Most defendants have found Spokeo defenses of limited utility in TCPA individual cases and class actions, as courts throughout the country have routinely held that the receipt of phone calls or text messages is sufficiently “concrete” to confer standing under Article III. The reasoning – though arguably flawed – is that one’s time and energy is diverted upon answering a call or reading an unsolicited message (even if de minimis), and that such interruptions may count toward a plaintiff’s “minutes” on her cell phone, causing “financial” harm. (The latter point may have been true in 1991 when the TCPA was enacted, but now-a-days, nearly all wireless companies offer some version of unlimited data plans in lieu of “minute” plans).
So, does the result change when a plaintiff receives a single missed call? The court in Shuckett v. DialAmerica Marketing, Inc., Case No. 17-cv-2073 (S.D. Cal. Feb. 22, 2019) answered “no,” but with a bit of a caveat.
In Shuckett, the plaintiff alleged that she received a single call from one of the defendants—a call that the plaintiff admits that she never answered. The defendant moved to dismiss for lack of standing, arguing that a single missed call did not constitute a concrete injury under Spokeo. The second defendant likewise moved to dismiss, arguing that it could not be vicariously liable when its vendor contract expressly required TCPA compliance. The court denied both motions.
On the issue of standing, the court found that even the de minimis harm of a missed call with “zero seconds of ‘talk time’” qualifies as a concrete injury under Ninth Circuit precedent. The defendant conceded that a single call could confer standing but argued that there could be no injury in plaintiff’s case because there was no “talk time.” The court was not persuaded, and analogized a missed call to the receipt of a text message as in Van Patten, observing that “[n]either requires an outlay of time or energy, but both ‘disturb the solitude of their recipients.’”

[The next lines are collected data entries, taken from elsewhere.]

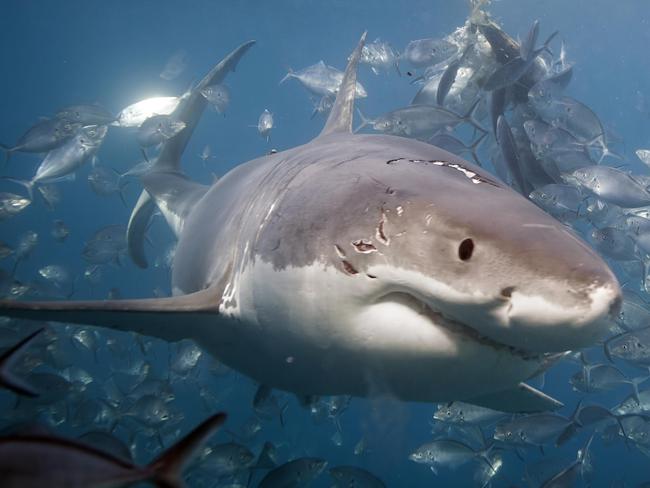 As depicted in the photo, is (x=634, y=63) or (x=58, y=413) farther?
(x=634, y=63)

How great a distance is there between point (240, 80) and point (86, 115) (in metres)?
66.9

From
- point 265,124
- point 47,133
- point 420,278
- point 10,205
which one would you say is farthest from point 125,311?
point 265,124

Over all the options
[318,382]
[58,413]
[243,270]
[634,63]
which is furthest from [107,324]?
[634,63]

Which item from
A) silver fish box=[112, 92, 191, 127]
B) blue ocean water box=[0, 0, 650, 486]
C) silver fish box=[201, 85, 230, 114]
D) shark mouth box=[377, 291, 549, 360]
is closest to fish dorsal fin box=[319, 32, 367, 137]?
shark mouth box=[377, 291, 549, 360]

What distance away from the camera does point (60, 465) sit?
1236mm

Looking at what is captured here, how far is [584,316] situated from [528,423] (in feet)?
21.8

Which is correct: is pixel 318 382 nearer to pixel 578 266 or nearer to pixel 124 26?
pixel 578 266

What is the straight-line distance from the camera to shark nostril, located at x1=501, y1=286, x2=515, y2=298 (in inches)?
57.9

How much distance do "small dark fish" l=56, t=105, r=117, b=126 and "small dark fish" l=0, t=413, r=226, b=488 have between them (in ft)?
33.2

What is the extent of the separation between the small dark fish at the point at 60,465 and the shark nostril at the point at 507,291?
844 mm

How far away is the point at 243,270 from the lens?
267 cm

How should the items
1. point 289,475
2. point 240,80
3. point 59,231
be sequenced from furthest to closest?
point 240,80, point 59,231, point 289,475

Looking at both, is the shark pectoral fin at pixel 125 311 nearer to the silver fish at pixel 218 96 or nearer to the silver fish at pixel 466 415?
the silver fish at pixel 466 415

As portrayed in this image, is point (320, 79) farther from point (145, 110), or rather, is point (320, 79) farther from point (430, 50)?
point (145, 110)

Bad enough, but the court thankfully hinted to a glimmer of hope: “Had the call gone entirely unnoticed, perhaps this would be a different case.” This one liner is significant for two reasons: (1) if a defendant is able to elicit a plaintiff’s testimony that a call or message went “unnoticed,” a Spokeo challenge may prove more viable on summary judgment; and (2) in class actions, defendants can argue that some unascertainable class members may lack standing because not all class members are in the same position vis-à-vis injury (i.e., class members may have answered the calls, some may have gone “unanswered,” and others may have gone “unnoticed”).
In addressing vicarious liability, the court held that the contractual provision requiring TCPA compliance was “not the be-all and end-all” of the analysis. The court found that weighing the various factors of agency would be better suited for a motion for summary judgment. The court recognized that agency need not be actual authority in the contract language, but could have been through apparent authority or ratification as well: “The contract might be dispositive as to whether ProspectsDM had actual authority to act on behalf of American Standard. But it says nothing, for example, about whether the parties’ course of dealing constituted ratification of ProspectsDM’s unlawful behavior.”
While seemingly an unfavorable decision for defendants, the lesson that should not be forgotten is that Article III standing is an extremely nuanced concept under the TCPA. Whether a call or text message is answered, noticed, or unnoticed might just make all the difference.